--- Goal of the exercise ---
Below are records with pictures. Reproduce exactly the lines from the line with "Hemlock Stone &" to the line with "Agendas Quo Vadis", inclusive, and leave each picture out.

--- Provided records ---

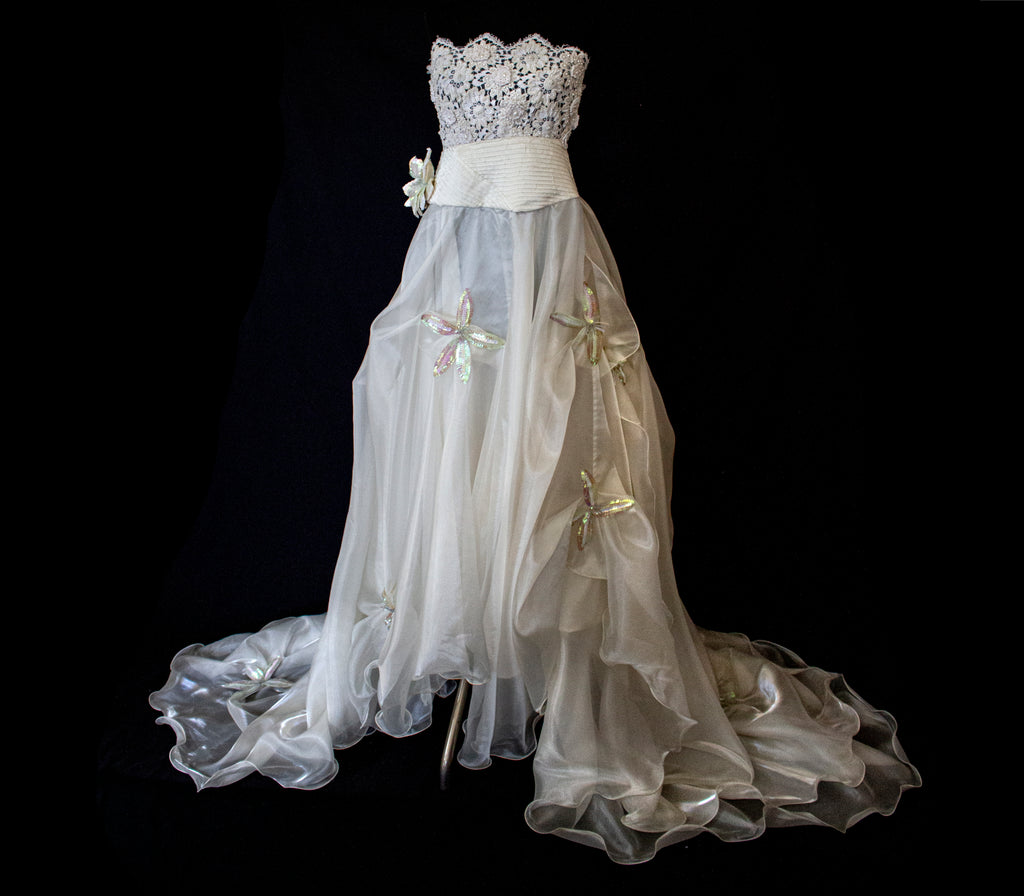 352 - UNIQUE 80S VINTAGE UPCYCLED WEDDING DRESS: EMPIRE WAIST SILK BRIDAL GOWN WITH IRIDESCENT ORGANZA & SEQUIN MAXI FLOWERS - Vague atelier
==
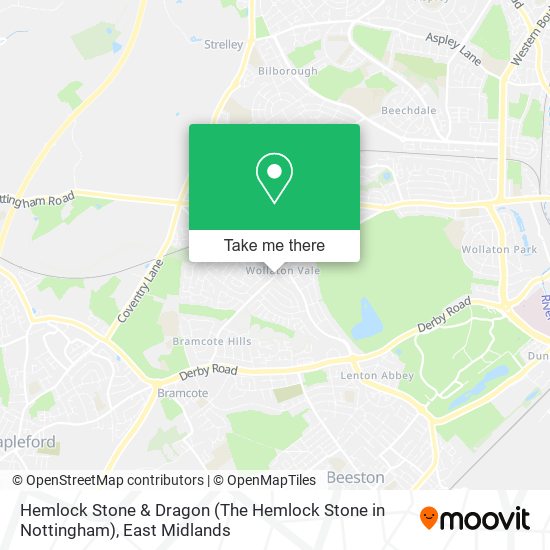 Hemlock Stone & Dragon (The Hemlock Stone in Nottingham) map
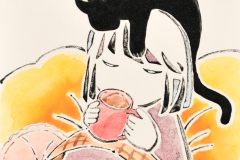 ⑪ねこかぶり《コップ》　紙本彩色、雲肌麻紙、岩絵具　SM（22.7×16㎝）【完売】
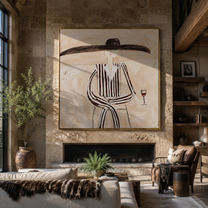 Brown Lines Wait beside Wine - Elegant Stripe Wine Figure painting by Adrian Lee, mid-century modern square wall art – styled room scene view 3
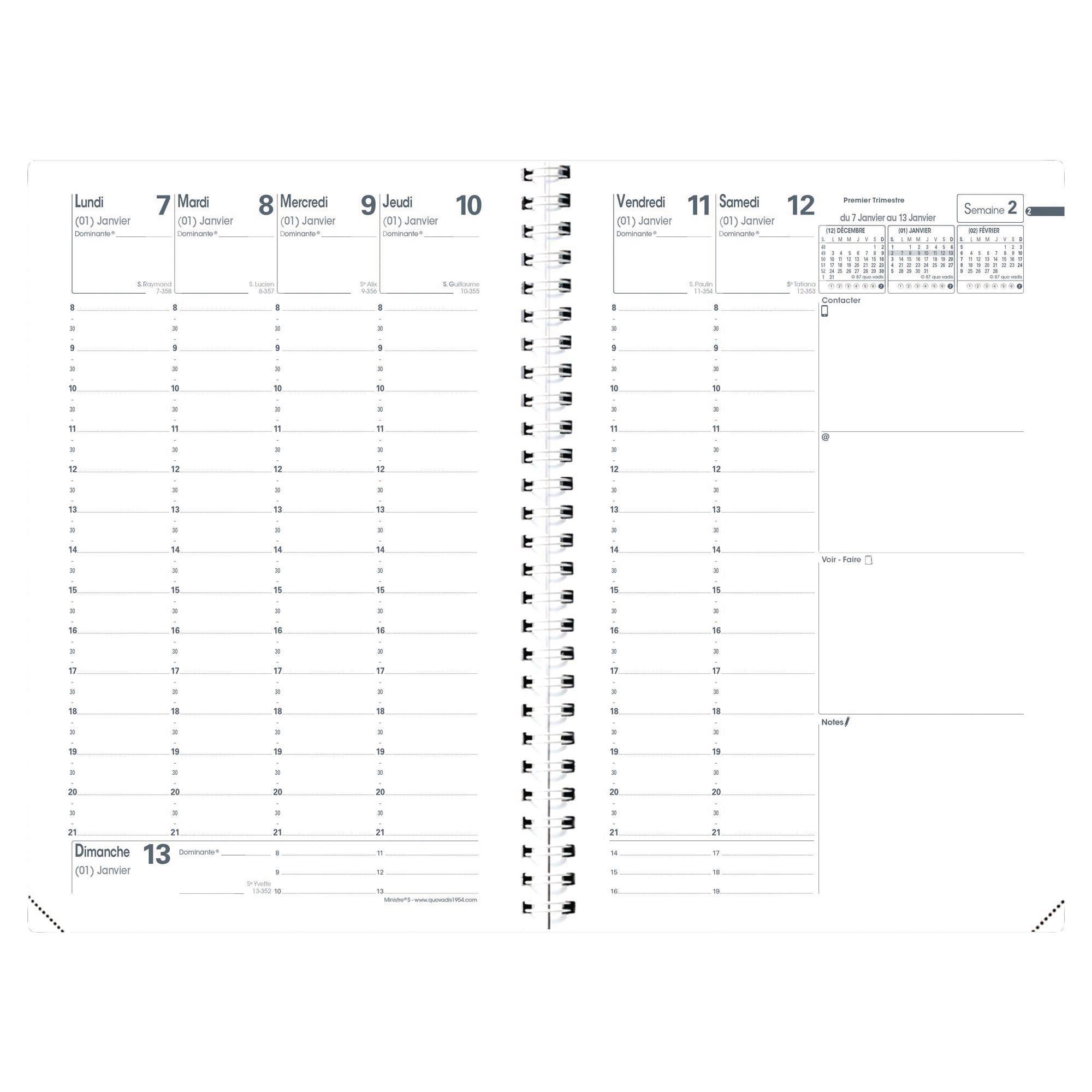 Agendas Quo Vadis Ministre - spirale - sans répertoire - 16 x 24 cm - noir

--- Final answer ---
 Hemlock Stone & Dragon (The Hemlock Stone in Nottingham) map
 ⑪ねこかぶり《コップ》　紙本彩色、雲肌麻紙、岩絵具　SM（22.7×16㎝）【完売】
 Brown Lines Wait beside Wine - Elegant Stripe Wine Figure painting by Adrian Lee, mid-century modern square wall art – styled room scene view 3
 Agendas Quo Vadis Ministre - spirale - sans répertoire - 16 x 24 cm - noir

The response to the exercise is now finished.